Black hat teams perform a detailed assessment of your major competitors. The purpose of a black hat review is to determine the most likely bid strategies of your competitors. In some cases this review might be in the form of a “straw man” proposal, intended to represent what your competitor is expected to submit. This information is then used to develop offsetting strategies. To be effective, black hat reviews must be conducted during the pre-proposal phase to allow enough time to use the results.

Conducting an effective black hat review is extremely difficult and expensive. Therefore, such reviews are restricted to strategically important contracts. They are typically conducted by outside consultants who possess in-depth knowledge of competitors or a consulting group that can investigate the competition without involving your company directly.

FORMAL VERSUS INFORMAL REVIEWS

Proposal reviews may be formal or informal. Formal proposal reviews are conducted by people who have not worked on the proposal. These people review the entire proposal at one time, formally document their findings, and debrief the whole proposal team and other interested parties on the results.

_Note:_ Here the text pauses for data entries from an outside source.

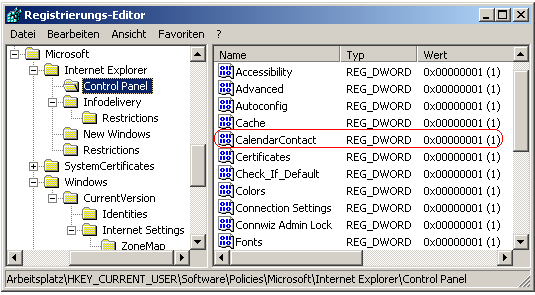 CalendarContact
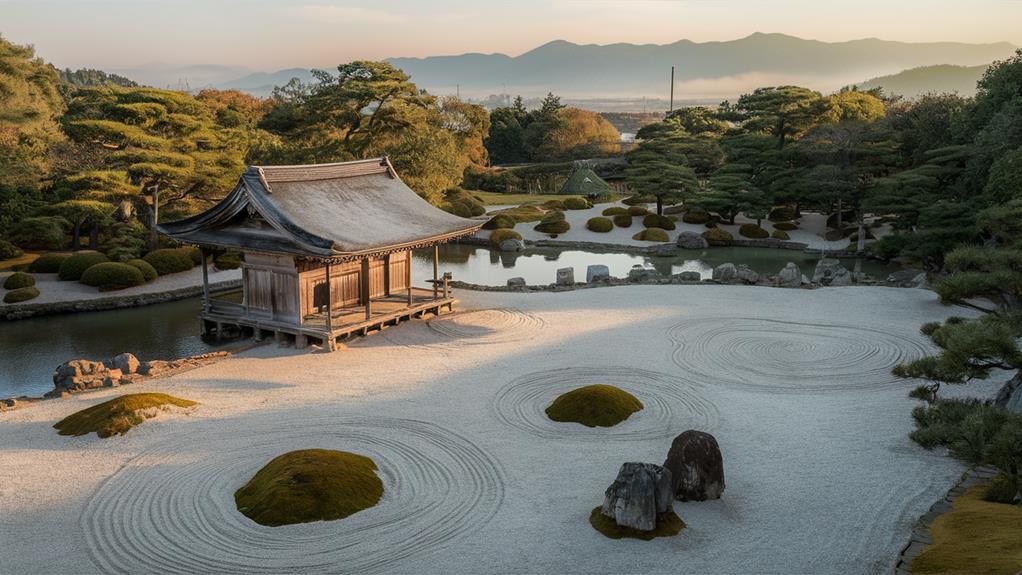 serene zen garden retreat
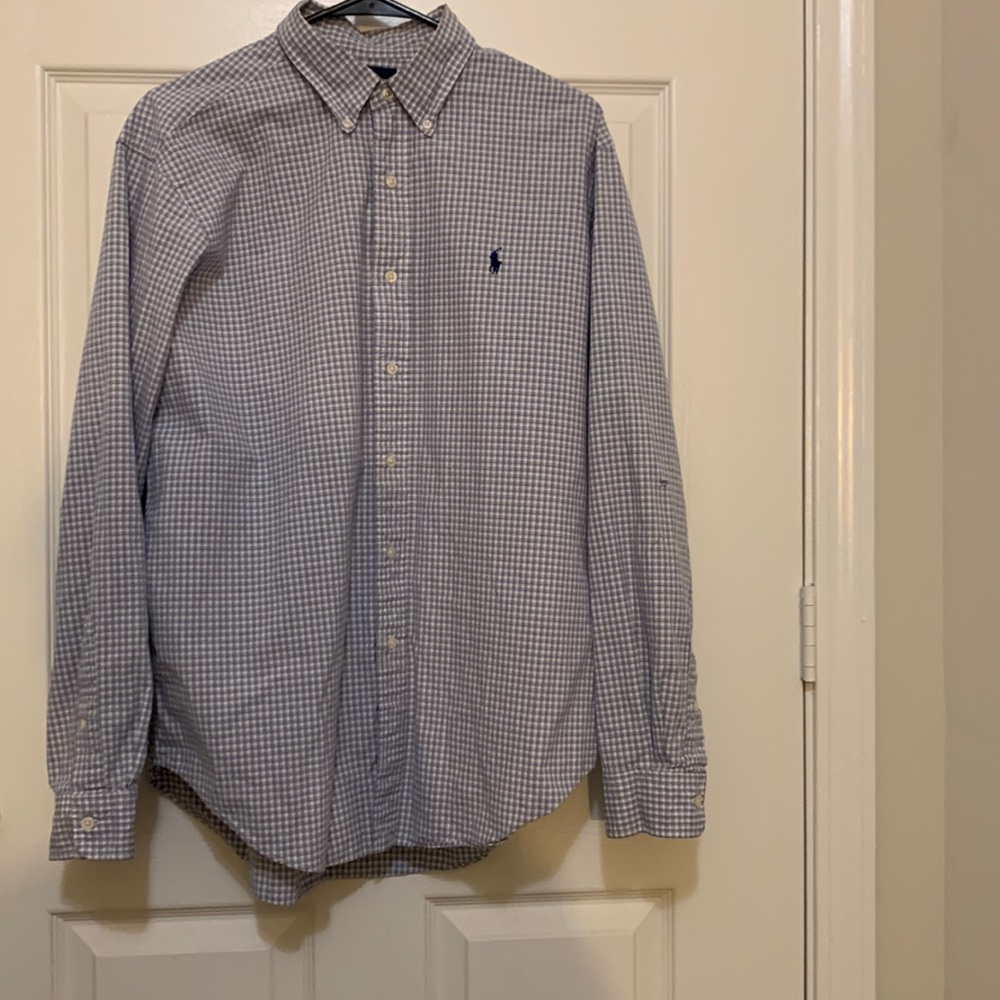 POLO Ralph Lauren men’s plaid dress shirt. Long sleeve. Classic fit. Size Large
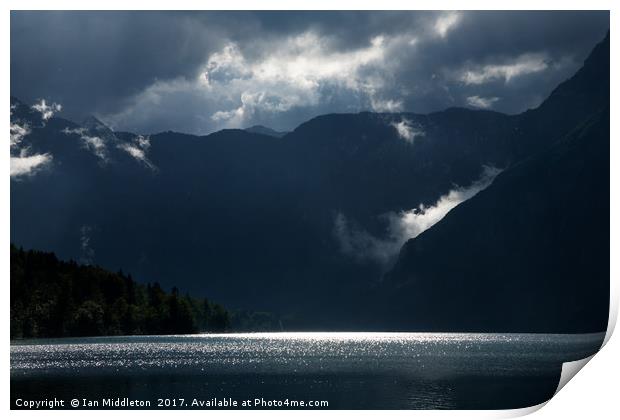 After storm light Print by Ian Middleton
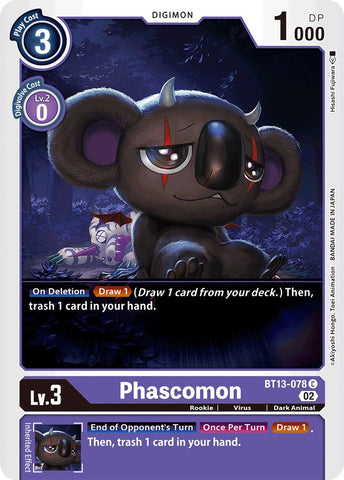 Phascomon [BT13-078] [Versus Royal Knights Booster]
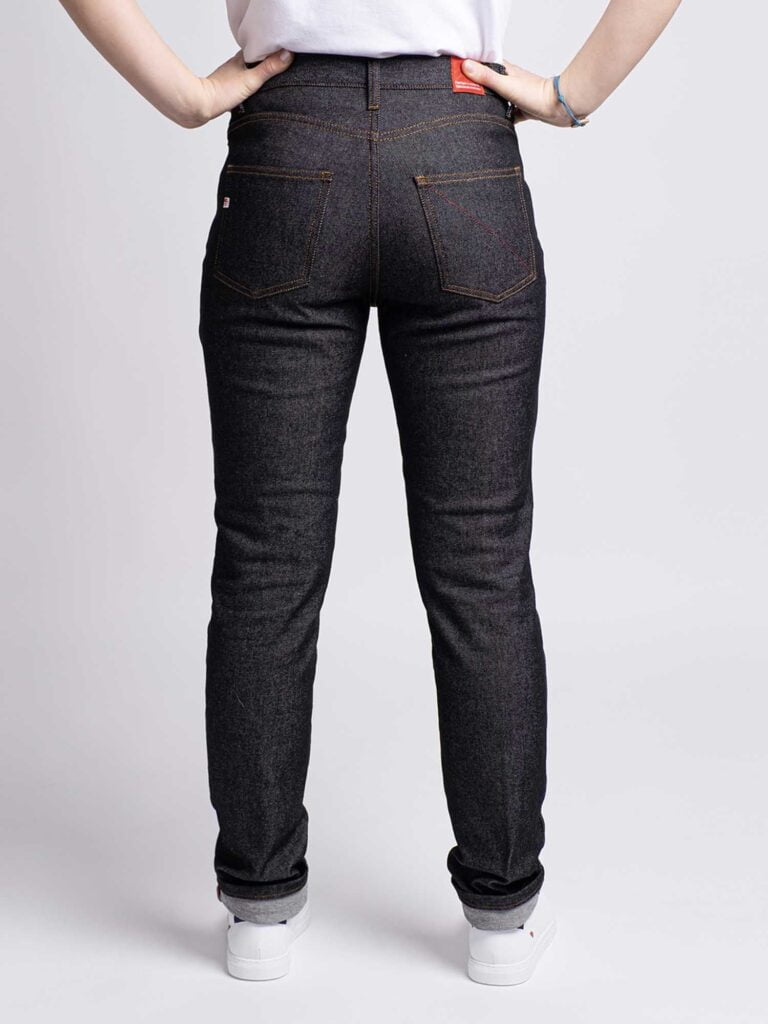 1083 - JEANS SLIM 204H noir brut coton bio superdenim flex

An informal review, or in-process review, is one conducted by a small team, sometimes just the proposal manager. It is conducted as individual proposal sections become available. The team gives feedback concerning deficiencies and corrective actions to individual authors on a section-by-section basis. For an in-process gold team review, the final changes may be made by the proposal manager or a small group appointed specifically for that purpose.

Determining which proposal reviews to conduct, as well as whether they should be formal reviews, depends on a host of variables. These include:

  • Time available to prepare your proposal

  • Number of draft proposals planned

  • Experience and capability of proposal capture team members to perform reviews

  • Proposal budget (if consultants will be used)

  • Importance or value of the contract

  • Availability of people to serve on formal review teams.

In some cases, pink, red, and gold team reviews are all conducted as formal reviews. However, this is usually the case only when contracts have a value in the multi-hundred-million- or billion-dollar range and when you have 60 to 90 days to prepare your proposal. More routine are cases where a formal pink and red team review are conducted, or only the red team review is a formal review.

For contracts with a 30- to 45-day response time, consider limiting your formal review process to the red team. Add a formal pink team review only when it can be completed prior to final RFP release or if the program is extremely important. Trying to cram too many reviews into the proposal development process will likely undermine proposal quality, not improve it. Proposal authors must have adequate time to develop and edit their sections.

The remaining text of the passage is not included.